Dégel : un premier pas

Université - démocratisation, gouvernance et financement

Il y a de ces promesses électorales qui ne s'empoussièrent pas longtemps sur les tablettes gouvernementales. Ainsi en est-il de cet engagement des libéraux de piger 100 $ de plus par année dans la poche des étudiants universitaires.
Une semaine après son entrée en poste comme capitaine du grand navire de l'Éducation, la ministre Michelle Courchesne promet qu'elle ira de l'avant dès septembre avec le dégel des droits de scolarité. En exigeant 50 $ de plus par semestre pendant cinq ans, elle ajoutera à terme 100 millions dans la cagnotte des universités affamées.
Pour ces établissements, qui affichent ensemble un déficit cumulé de près de 250 millions et qui réclament l'ajout de 400 millions récurrents à leur base de financement, voilà une bouffée d'oxygène destinée à reprendre le souffle perdu. Mais la course est loin d'être terminée.
Arrivé en sauveur aux rênes de l'Éducation, Jean-Marc Fournier s'était initié aux joies, mystères, caprices et fredaines du réseau en affrontant une jungle d'étudiants outrés par la conversion de bourses en prêts. Mme Courchesne ne se frottera pas au même type de courroux généralisé, mais si le dégel n'est pas assorti d'une garantie de réinvestissement, c'est peut-être à la grogne des recteurs qu'elle goûtera.
Ceux-ci en ont déjà un peu en travers de la gorge pour vociférer leur mécontentement, mais ce n'est pas dans leur culture de cracher sur la main qui les nourrit. Les transferts fédéraux consentis par Ottawa n'atteindront finalement que 800 millions pour le Canada entier, contre les 2,2 milliards espérés. Décevant, le dernier budget du Québec n'a pas livré les fruits attendus. Et la gifle ultime: Jean Charest a promis de diminuer les impôts.
En privé, les recteurs ont hurlé leur rage. Quoi? Après des mois d'un discours favorable aux doléances universitaires, le premier ministre Charest s'empressait de répandre les gains du déséquilibre fiscal dans la cour des particuliers? En public toutefois, ils ont ravalé.
L'idée de dégeler ces droits fixés depuis 1994 aux mêmes 1668 $ par année les rassemble désormais presque tous. Même le réseau de l'Université du Québec, qui avait pourtant toujours refusé de confesser un penchant pour la fin du gel, se rallierait à cette option, malgré quelques dissidences.
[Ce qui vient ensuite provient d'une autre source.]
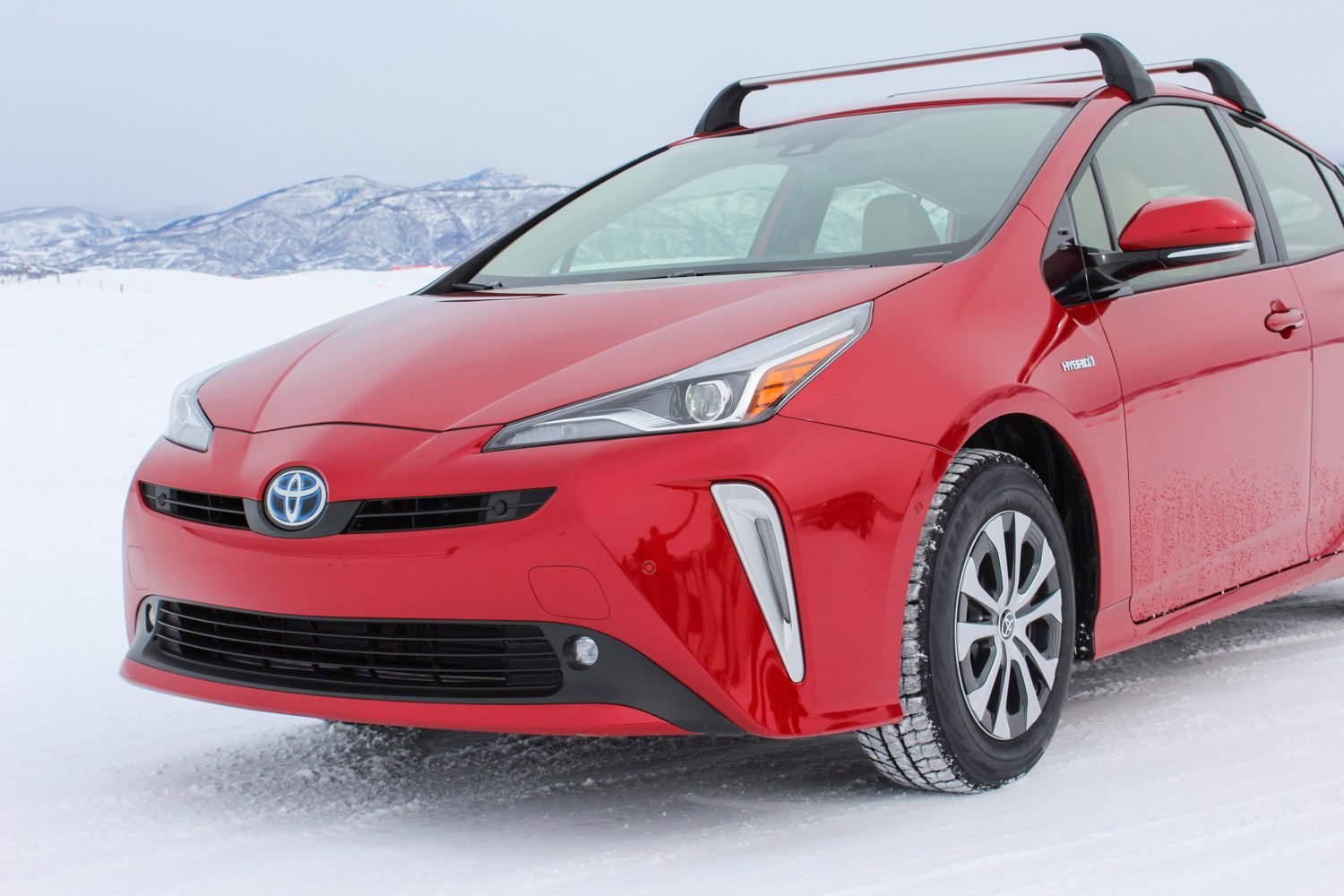 manejamos el toyota prius awd e en la nieve 2019 16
Le dégel, devenu nécessaire, ne peut pas mettre fin au sous-financement chronique des universités. Pendant que le Québec rouvre les vannes, les autres provinces, elles, continuent d'augmenter leurs droits! Impossible alors de parler de vrai rattrapage.
C'est donc un baume sur les plaies des universités, certes. Mais il ne soulage pas tous ces grands besoins: les bibliothèques dégarnies, les toits qui coulent et, surtout, les professeurs à embaucher à des conditions équivalentes à celles des universités de la planète, là où la valse de la concurrence se danse désormais.
Avant de passer en mode électoral, le gouvernement avait commandé une série d'études, dont une sur l'impact de scénarios modulant les droits de scolarité. Ces réflexions sont toujours attendues, mais Québec a préféré procéder avant de connaître leurs conclusions.
On ne sait donc pas dans quel grand plan directeur atterrit le dégel. Si le régime de prêts et bourses garantira le maintien de l'accessibilité. Si on ajoutera à la base des universités plus que ce que les étudiants y apporteront. Si d'autres voies seront étudiées, comme les droits différenciés, l'apport des étudiants étrangers ou la participation du secteur privé.
On peut piger les promesses électorales qui nous conviennent. En plus du dégel des droits de scolarité, les libéraux ont tendu dans leur plateforme un milliard de dollars de plus en appât pour le postsecondaire. À quand la réalisation de cette promesse? Les paris sont ouverts.